To find the deadweight loss, we first need to find the new equilibrium price and quantity after the tax is imposed.

  1. Adjust the supply curve for the tax. The new supply curve is P = 12 + Q + 11 (the tax). Simplify this to P = Q + 23.

  2. Set the demand curve equal to the new supply curve to find the new equilibrium quantity.

    120 - 2P = Q + 23 Simplify this to 97 = 3P So, P = 32.33 (rounded to 2 decimal places)

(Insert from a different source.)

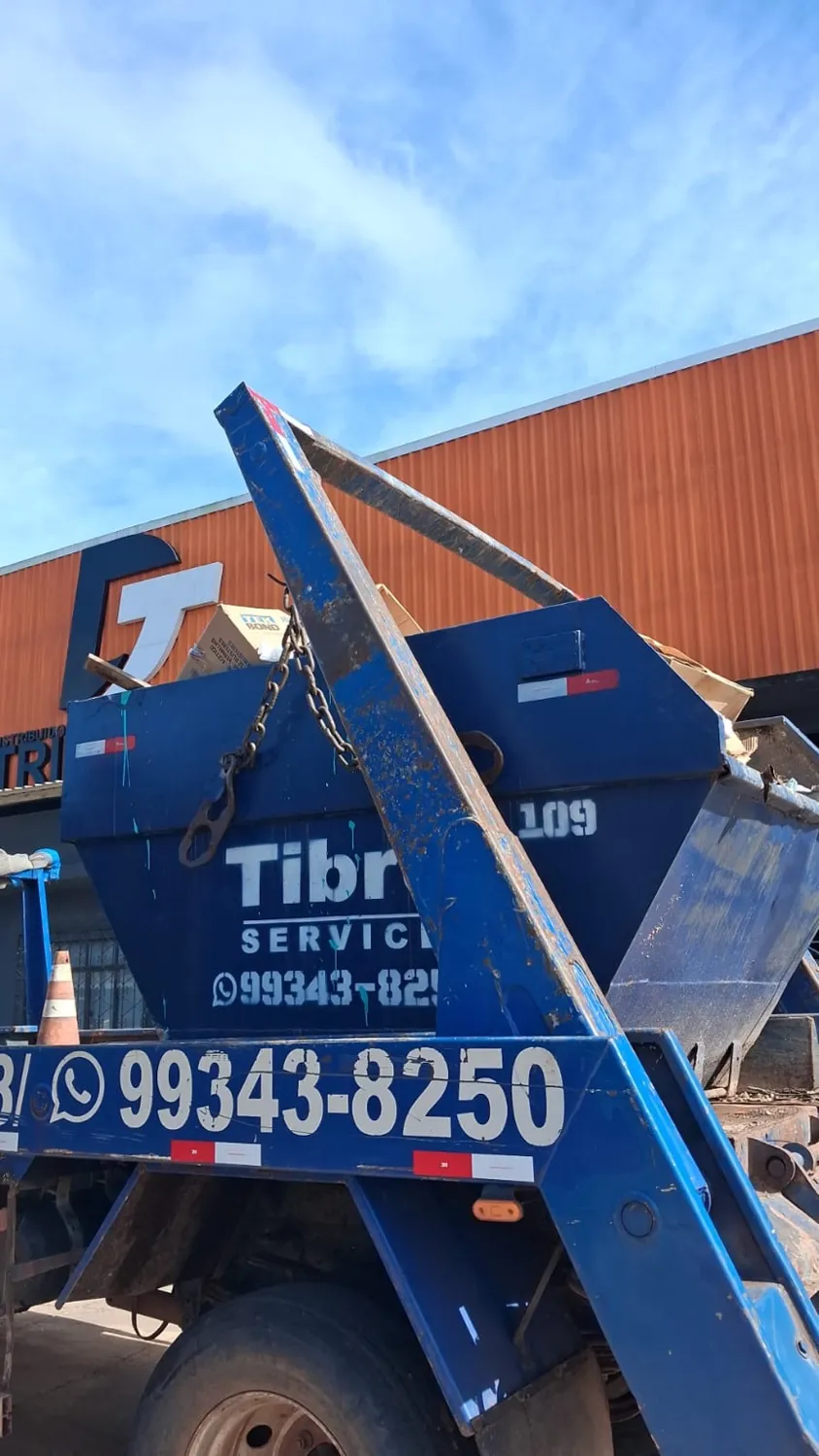 Frota e caçambas da Tibre Service em Castanhal — foto 2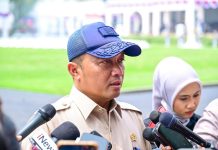 Mensesneg Prasetyo Hadi Pastikan Pemerintah Siaga Tangani Dampak Gempa NTT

  3. Substitute P = 32.33 into the demand curve to find the new equilibrium quantity.

    Q = 120 - 2(32.33) = 55.34 (rounded to 2 decimal places)

  4. Find the old equilibrium without the tax. Set the original supply curve equal to the demand curve.

    120 - 2P = 12 + Q Simplify this to 108 = 3P So, P = 36

    Substitute P = 36 into the demand curve to find the old equilibrium quantity.

    Q = 120 - 2(36) = 48

  5. The deadweight loss is the area of the triangle formed by the old and new supply and demand curves. It's calculated as 0.5 * base * height.

    The base is the difference in quantities (55.34 - 48) = 7.34 The height is the difference in prices (36 - 32.33) = 3.67

    So, the deadweight loss is 0.5 * 7.34 * 3.67 = 13.46 (rounded to 2 decimal places).